The proposed changes to sexual assault reporting responsibilities reinforces an unfortunate norm that absolves coaches from responsibility to the university at large. Instead of viewing coaches as contributing members of an educational community, the new policy changes further position them as people hired to recruit athletes and get wins.
Exempting more people from reporting sexual assault is not the way to make campuses safer. Studies and investigations show that athletes commit sexual violence at a greater rate than their non-athlete peers. Coaches (including assistant coaches and other team personnel) are likely to be the people who hear about these crimes. With the forthcoming policy changes, the Department of Education is giving coaches latitude to handle sexual assault reports however they choose, rather than reporting them to the proper authorities. The people protected by these rule changes are those who are not going to be held responsible for sexual assault and those that can now legally ignore those crimes.
In a final point, it is important to note that schools will not necessarily be required to remove coaches from the list of mandatory reporters, and pending lawsuits against DeVos and the DOE means that the rules themselves, along with the date of enactment, are uncertain.

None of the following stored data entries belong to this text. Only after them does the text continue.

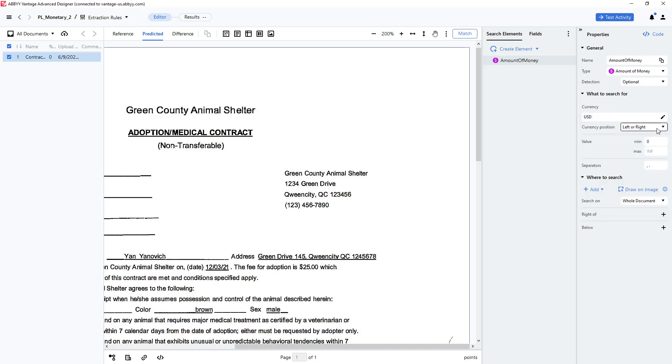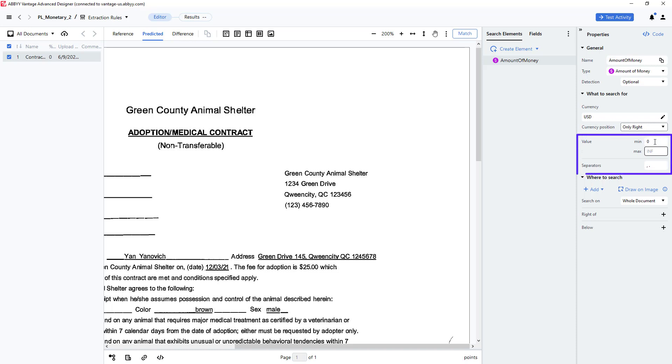I can also specify currency position and here I will select only to the right. I can specify a minimum and a maximum dollar value as well as indicate what separators could be found in the currency amount.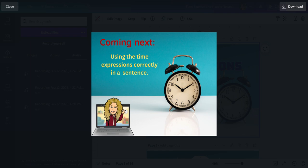Coming up! Using time expressions correctly in a sentence. Until then, goodbye!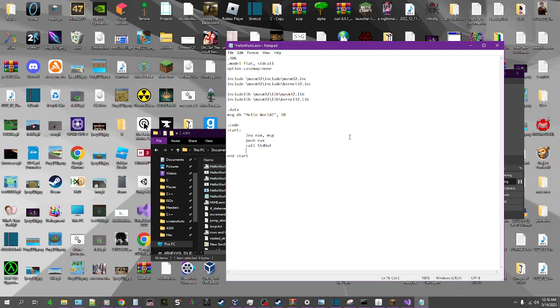So now we don't really need anything in EAX anymore. So just to be nice and tidy, we can just move EAX, zero. And I guess push it again. Yeah, push it again. Why not. And then we gotta call ExitProcess. And then we're done.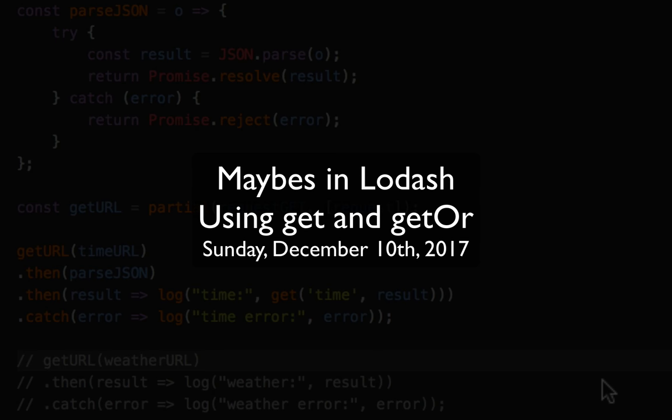Ladies and gentlemen, boys and girls, Jesse Warden here. Today we're going to talk about maybes inside of Lodash, specifically around get or getOr.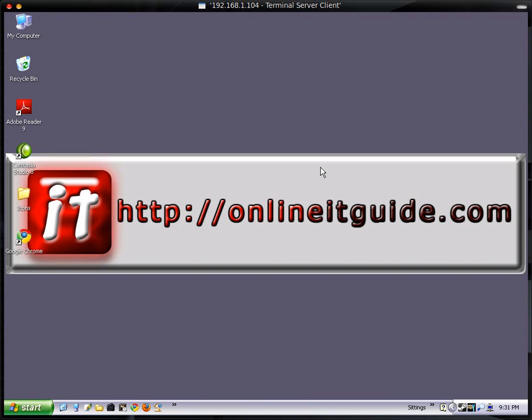Hello, this is James at OnlineITGuide.com, and I'm doing this to show people how to install or update Adobe Flash.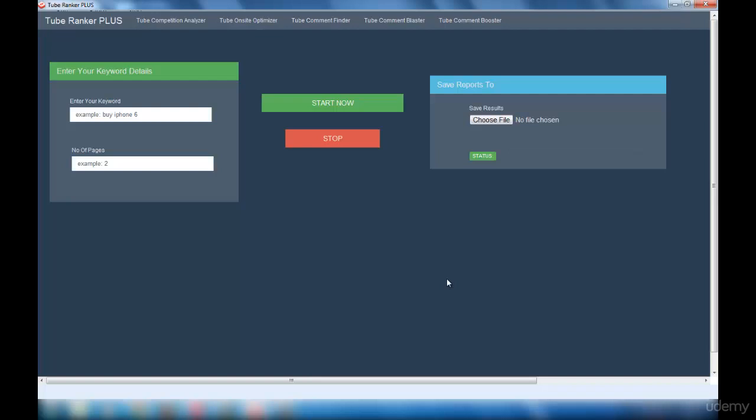In the keyword details section, you have to first enter your keyword, that is your main keyword, and then enter the number of pages you wish to scrape. It can be any number of pages, but per page only 20 results will get saved.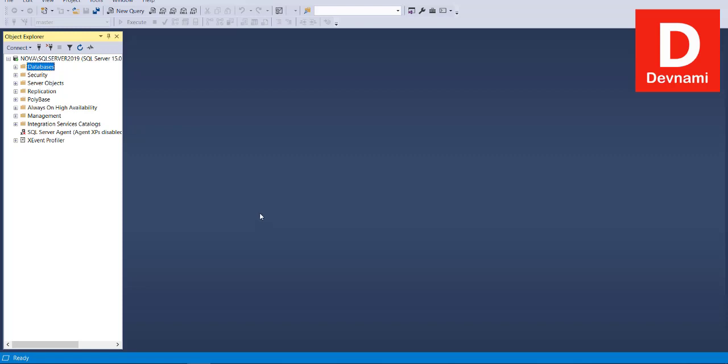Okay, so let's take a look at some of the SQL Server DBCC commands. DBCC commands are basically database console commands, and these have four categories.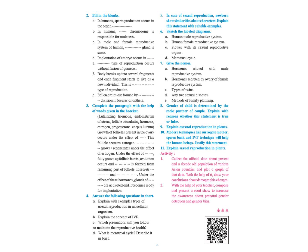The second question is fill in the blanks. In humans, sperm production occurs in the organ testis, T-E-S-T-I-S.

In other words, schools can (and should) continue to designate coaches and other athletics staff as mandatory reporters. Ultimately, doing so can serve as an important step in creating an environment in which everyone on campus has a stake in ensuring not just that sexual assault offenders are punished, but that sexual assaults are prevented in the first place.
Kristine Newhall is an assistant professor of Kinesiology at SUNY Cortland where she teaches courses in sports ethics and sport and sexuality. Her research interests focus broadly on the intersections of race, sexuality, and gender in contemporary and 20th century sports and fitness cultures. Current projects include athletes’ coming out narratives; the history of women’s sports spaces; applications of Title IX; sexual violence and intercollegiate athletes; and trans policies and representations.